BPMN Update from OMG

In terms of what it is and how it works, I was surprised at the number of new things I learned in his session... since I have been back and forth over that spec many times in preparing my BPMN training. For example:

  • Tasks in BPMN have a Type attribute, with defined values Service (the default), Send, Receive, Script, User, Manual, Reference, Abstract, or None. Depending on the value of the Task Type, certain message flows to or from the task are prohibited, and certain other attributes are required. According to Stephen, any real BPMN tool should enforce these validation rules. I am sure many do not.
  • A message intermediate event in normal flow can either send or listen for a message event. You can't tell from the diagram (unless a message flow is drawn). This might be legal but it seems bad practice. I think less ambiguous to use a Send or Receive Task instead.
  • A sequence flow is "not a control flow" because the target activity could also be gated by other conditions, such as data flow. I dunno about this one. All simulation engines assume a sequence flow is a control flow.
  • The exception flow from an error intermediate event can loop back to the same activity, essentially retrying it after the error handler. BPEL doesn't allow this; following the fault handler, BPEL re-enters the process flow after the activity (scope) where the fault was caught.
These might seem in-the-weeds details but it shows how complicated even a seemingly simple standard like BPMN can be to understand.

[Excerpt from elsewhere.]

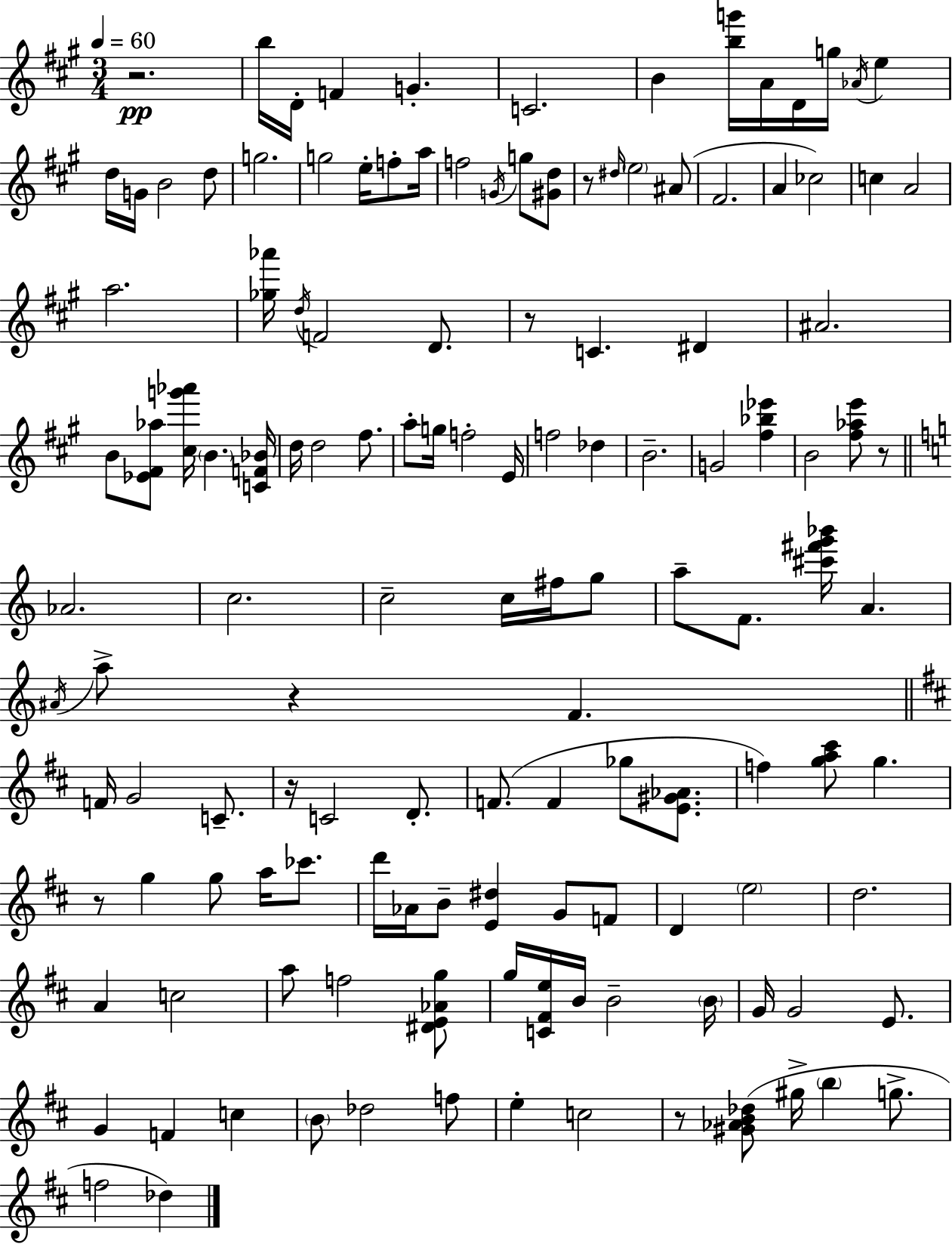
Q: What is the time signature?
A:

As far as where BPMN going, I was a bit underwhelmed. Rumors of an imminent BPMN 2.0 last summer were nowhere close to the truth. In spring of 2007 we should see BPMN 1.1, which makes minor tweaks to the current spec, cleaning up the semantics of details such as Link events and Exclusive Merge gateways. BPDM and a schema for BPMN? Don't hold your breath. When asked about this at his session, Stephen weakly offered WfMC's XPDL 2.0. That's not OMG's official position, obviously. But to me, OMG's lack of urgency on this issue is unconscionable. What about some kind of compliance guidelines, such as a list of MUST-SUPPORT objects and attributes? Today any tool that has rounded rectangles and swimlanes claims to be BPMN. Stephen was vague on this, but it sounded like a possibility. However, OMG will not be enforcing or certifying compliance.

BPMN 2.0 -- the version that brings in BPDM, choreography, etc. -- is still about two years away! The RFP should go out in the spring.